Where Bluegrass, Newgrass, Old-Time, and Americana Meet
At a panel on representing Appalachia in Americana at the recent Americana Music Conference and Festival, West Virginia musician Kathy Mattea observed that “music is what led me back into the culture I lived in.” As she described the ways that the music of the hollers where she grew up imbued her life, she described the enduring power of old-time music: “If you sing a song that’s 50 years old, and sing it honestly, and people who are still living who sang that song and continue to sing that song, the song will do the work; you don’t have to pound a podium.”
Mattea’s latest album, Pretty Bird, embraces the power of old-time music, closing the album with Hazel Dickens’ “Pretty Bird,” as well as the entrancing beauty of modern country ballads such as Bobbie Gentry’s “Ode to Billie Joe.” In 1985, Tim O’Brien, lighting up stages with the newgrass group Hot Rize, met Mattea, and they began to collaborate; she recorded his “Walk the Way the Wind Blows” and “Untold Stories,” and their duet on the Paul Overstreet-Don Schlitz-penned “Battle Hymn of Love” broke into the Billboard Hot Country chart. Because of the success of these records, O’Brien turned to writing and pitching songs to other artists in hopes of more cuts. “It gave me independence financially, but it broke up Hot Rize … I was ready.”
Craig Harris tells this story, as well as hundreds of others, as he traces the tangled and fascinating history — much of it already very well-known — of bluegrass, newgrass, and Americana music in his new book Bluegrass, Newgrass, Old-Time, and Americana Music (Pelican). As the title hints, there’s not much of a plot here, and the book lacks a clear direction. The introduction doesn’t help readers orient themselves to the purpose of the book or why they should take time to read it.

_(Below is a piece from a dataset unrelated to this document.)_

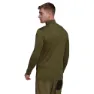 adidas Motion Sweatshirt Med Dragkedja
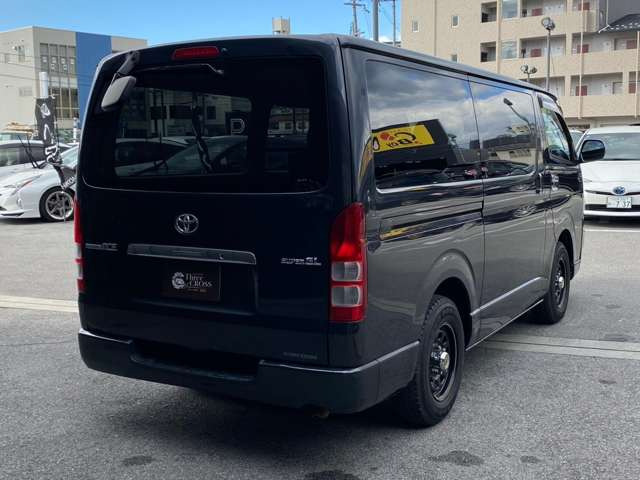 �X���[�N���X����X�̎ԗ��͍Œ�2�N�̈��S�ۏ؂��ʓr�L���ł��t���ł��܂�!�ڍׂ͓��X�X�^�b�t�܂ł��C�y�ɂ��₢���킹�������B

Yet, Harris’ crisp storytelling, his dynamic sketches and profiles of individual artists and groups, and his interviews with hundreds of artists tell a compelling story of the ways that old-time music, bluegrass, newgrass, and Americana music (though he seldom uses this phrase in the book and doesn’t define it as a genre or type of music) weave themselves loosely around each other into a warm blanket that covers as many facets of this music as possible.
Harris opens the book with Bill Monroe and tells the familiar story of Monroe’s rise to fame, as well as the stories of the many musicians who got their starts as Blue Grass Boys. Harris focuses on Monroe’s restless energy and creativity, and the Father of Bluegrass’ desire always to find the next idea and to develop its sound. Monroe once told Radio McGill, “I like the friendship of a man, but I don’t think I would have liked to have kept the same musicians for 27 years … because his ideas would run out.” Harris provides a list of some of the musicians who “graduated” from the Blue Grass Boys and went on to thriving careers of their own: Chubby Wise, Don Reno, Vassar Clements, Del McCoury, Peter Rowan, Byron Berline, and Roland White, among others.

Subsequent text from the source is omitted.